Я обуваю туфли на шпильке и глубоко вздыхаю. Он ждет меня, повторяю я, молясь о том, чтобы змея не обвивалась больше вокруг его руки. Приклеив на лицо улыбку и заставив спину выпрямиться, я выхожу в коридор, не слушая катящийся по нему хор заклинаний, взывающих к наслаждению.
Новые клиенты заполнили бар. Группа туристов с красной кожей и блестящими глазами разговаривает с двумя девушками, сидящими за столиком в глубине зала. Оливье остался у входа… С Ньям. Они не разговаривают, не касаются друг друга. Разделяющее их расстояние меня успокаивает. Я неподвижно жду, пока он заметит меня.
— Докмай! — зовет меня сутенерша из-за стойки.
Мое сердце идет трещинами, оно разбивается от этого окрика. Я предчувствую, что она собирается задержать меня. Она собирается защитить честь змеи, своей любимицы, сидящей рядом с единственным на свете человеком, которого я хочу себе в любовники.
— Твой клиент оказался недоволен, — говорит взбешенная старуха. — Он отказался платить сумму, установленную за время. Скажи своему фарангу, чтобы он заплатил и за него. Но без скандалов! Понятно? И никаких театральных появлений, как в прошлый раз.
Я облегченно киваю, а сутенерша опять надевает на лицо свою вечно молодую улыбку и начинает обслуживать клиентов. Я собираюсь подойти к французу, но вижу, что он уже рядом. Во время моего разговора со старухой он покинул Ньям, которая осталась одна за столиком и топает от ярости ногами.
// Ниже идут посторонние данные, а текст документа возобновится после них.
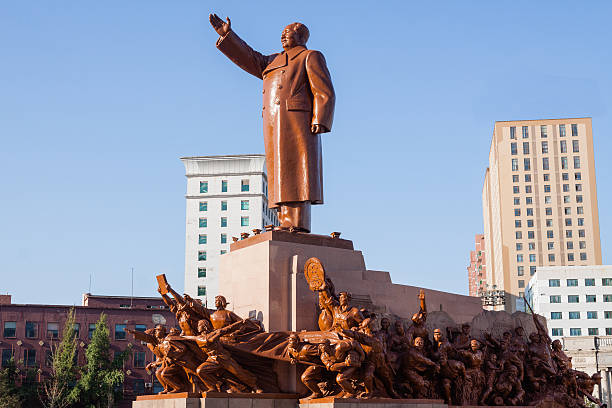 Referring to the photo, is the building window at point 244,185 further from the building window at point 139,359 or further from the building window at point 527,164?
the building window at point 527,164

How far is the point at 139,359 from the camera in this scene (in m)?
49.3

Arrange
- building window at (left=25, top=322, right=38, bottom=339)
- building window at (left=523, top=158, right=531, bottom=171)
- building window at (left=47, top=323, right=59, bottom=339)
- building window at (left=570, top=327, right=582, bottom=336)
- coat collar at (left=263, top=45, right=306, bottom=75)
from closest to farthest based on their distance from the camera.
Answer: coat collar at (left=263, top=45, right=306, bottom=75) < building window at (left=25, top=322, right=38, bottom=339) < building window at (left=47, top=323, right=59, bottom=339) < building window at (left=570, top=327, right=582, bottom=336) < building window at (left=523, top=158, right=531, bottom=171)

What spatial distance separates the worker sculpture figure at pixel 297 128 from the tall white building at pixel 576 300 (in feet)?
182

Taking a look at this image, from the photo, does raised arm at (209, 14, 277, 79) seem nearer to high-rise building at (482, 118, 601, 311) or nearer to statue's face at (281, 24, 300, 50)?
statue's face at (281, 24, 300, 50)

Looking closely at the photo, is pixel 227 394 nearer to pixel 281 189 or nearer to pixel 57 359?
pixel 281 189

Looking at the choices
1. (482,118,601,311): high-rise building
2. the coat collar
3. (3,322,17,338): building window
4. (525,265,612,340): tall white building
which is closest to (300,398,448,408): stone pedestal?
the coat collar

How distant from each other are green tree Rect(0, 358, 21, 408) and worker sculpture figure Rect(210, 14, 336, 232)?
33.6 meters

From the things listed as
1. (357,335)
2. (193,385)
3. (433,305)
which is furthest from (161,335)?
(433,305)

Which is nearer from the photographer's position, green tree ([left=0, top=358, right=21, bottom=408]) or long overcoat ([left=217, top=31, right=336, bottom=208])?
long overcoat ([left=217, top=31, right=336, bottom=208])

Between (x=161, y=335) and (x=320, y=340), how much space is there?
2.56 metres

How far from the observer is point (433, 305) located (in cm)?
1416

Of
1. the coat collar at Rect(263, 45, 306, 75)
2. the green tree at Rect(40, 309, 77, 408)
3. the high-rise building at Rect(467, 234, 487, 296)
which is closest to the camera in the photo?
the coat collar at Rect(263, 45, 306, 75)

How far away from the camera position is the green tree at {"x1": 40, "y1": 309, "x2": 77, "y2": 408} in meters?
42.9

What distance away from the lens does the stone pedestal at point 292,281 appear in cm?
1245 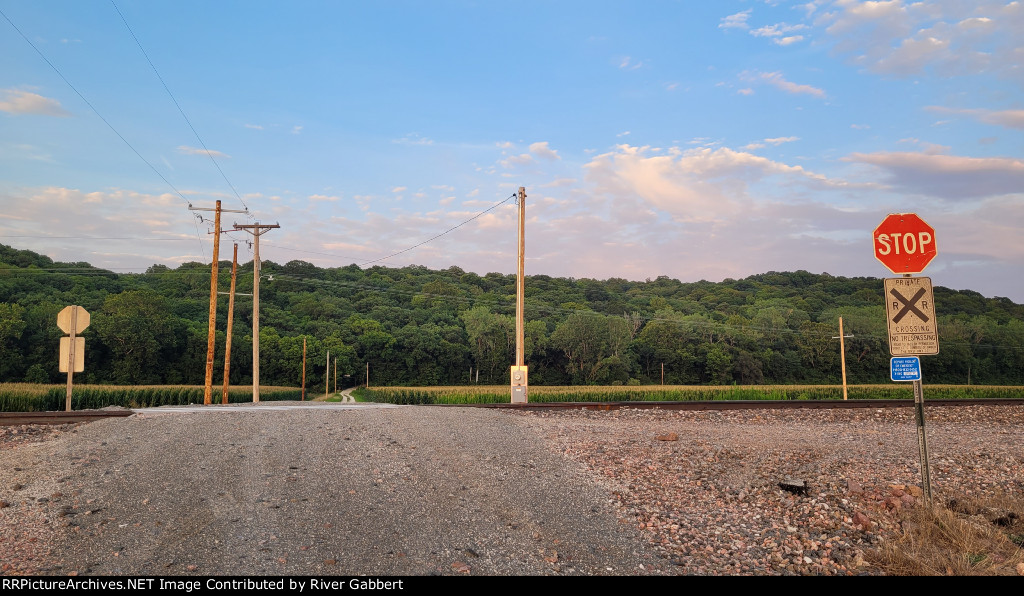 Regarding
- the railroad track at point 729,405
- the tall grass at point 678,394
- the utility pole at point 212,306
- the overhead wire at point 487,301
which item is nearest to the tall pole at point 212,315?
the utility pole at point 212,306

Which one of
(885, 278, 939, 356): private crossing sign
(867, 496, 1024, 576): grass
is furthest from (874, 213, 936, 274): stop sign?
(867, 496, 1024, 576): grass

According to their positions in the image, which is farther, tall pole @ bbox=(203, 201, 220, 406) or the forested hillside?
the forested hillside

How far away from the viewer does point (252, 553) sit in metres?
6.05

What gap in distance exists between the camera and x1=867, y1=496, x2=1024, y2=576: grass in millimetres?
5758

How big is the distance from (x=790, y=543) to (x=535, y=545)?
285 centimetres

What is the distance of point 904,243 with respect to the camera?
8.02 meters

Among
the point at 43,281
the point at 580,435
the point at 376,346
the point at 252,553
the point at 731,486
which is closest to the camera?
the point at 252,553

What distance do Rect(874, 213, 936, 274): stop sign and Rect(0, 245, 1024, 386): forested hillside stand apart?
6551 centimetres

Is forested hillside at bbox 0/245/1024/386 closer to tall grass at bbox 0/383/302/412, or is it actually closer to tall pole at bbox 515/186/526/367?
tall grass at bbox 0/383/302/412

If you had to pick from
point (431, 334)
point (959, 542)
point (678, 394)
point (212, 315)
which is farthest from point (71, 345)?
point (431, 334)

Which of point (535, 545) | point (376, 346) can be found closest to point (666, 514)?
point (535, 545)

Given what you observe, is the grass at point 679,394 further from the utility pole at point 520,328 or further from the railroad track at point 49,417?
the railroad track at point 49,417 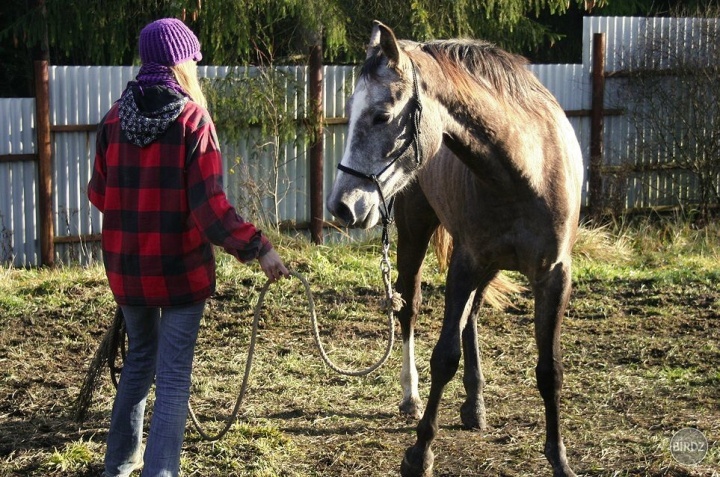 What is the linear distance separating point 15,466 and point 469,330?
2.40 m

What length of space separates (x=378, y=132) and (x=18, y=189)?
6059 mm

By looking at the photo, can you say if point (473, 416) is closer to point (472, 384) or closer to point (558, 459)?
point (472, 384)

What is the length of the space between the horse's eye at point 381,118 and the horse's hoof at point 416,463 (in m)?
1.57

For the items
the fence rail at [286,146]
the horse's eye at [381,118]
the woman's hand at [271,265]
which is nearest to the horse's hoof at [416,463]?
the woman's hand at [271,265]

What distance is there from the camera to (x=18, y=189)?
877 centimetres

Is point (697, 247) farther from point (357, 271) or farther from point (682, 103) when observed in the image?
point (357, 271)

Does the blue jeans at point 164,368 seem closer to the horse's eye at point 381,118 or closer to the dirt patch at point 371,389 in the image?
the dirt patch at point 371,389

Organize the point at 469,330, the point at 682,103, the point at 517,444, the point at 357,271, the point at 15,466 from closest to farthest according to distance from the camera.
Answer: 1. the point at 15,466
2. the point at 517,444
3. the point at 469,330
4. the point at 357,271
5. the point at 682,103

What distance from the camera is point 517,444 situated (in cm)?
468

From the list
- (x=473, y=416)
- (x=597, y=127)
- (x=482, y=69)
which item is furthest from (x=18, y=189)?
(x=597, y=127)

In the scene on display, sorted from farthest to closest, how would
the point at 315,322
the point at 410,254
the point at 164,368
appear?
the point at 410,254 → the point at 315,322 → the point at 164,368

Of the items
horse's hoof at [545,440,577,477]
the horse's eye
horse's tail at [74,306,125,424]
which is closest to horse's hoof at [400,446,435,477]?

— Ну, теперь пойдем? — резко говорит он на своем языке.
Мой фаранг не смотрит на меня, его прижатые к телу кулаки стиснуты от гнева. А я, продолжая свое движение ему навстречу, хочу притронуться к его рукам, чтобы расслабить их и увидеть, как появляются красивые светлые кисточки. Но едва я касаюсь его, как он отшатывается с выражением отвращения на лице.
— Вот ваши три тысячи батов, и Докмай пробудет со мной всю ночь! — говорит он старухе, доставая банкноты из кармана брюк и швыряя на стойку.
Сутенерша немедленно хватает деньги, словно боясь, что их украдут, и прячет их в свою бесценную железную коробку. Я слежу за тем, как она прижимает шкатулку к своей опавшей груди, и ее старое, продубленное жадностью лицо впервые вызывает у меня ненависть. Я не могу ей простить то, что она продала меня первому встречному, то, что пробудила гнев в моем любимом, то, что подвергла риску существование моей новой, столь хрупкой личности.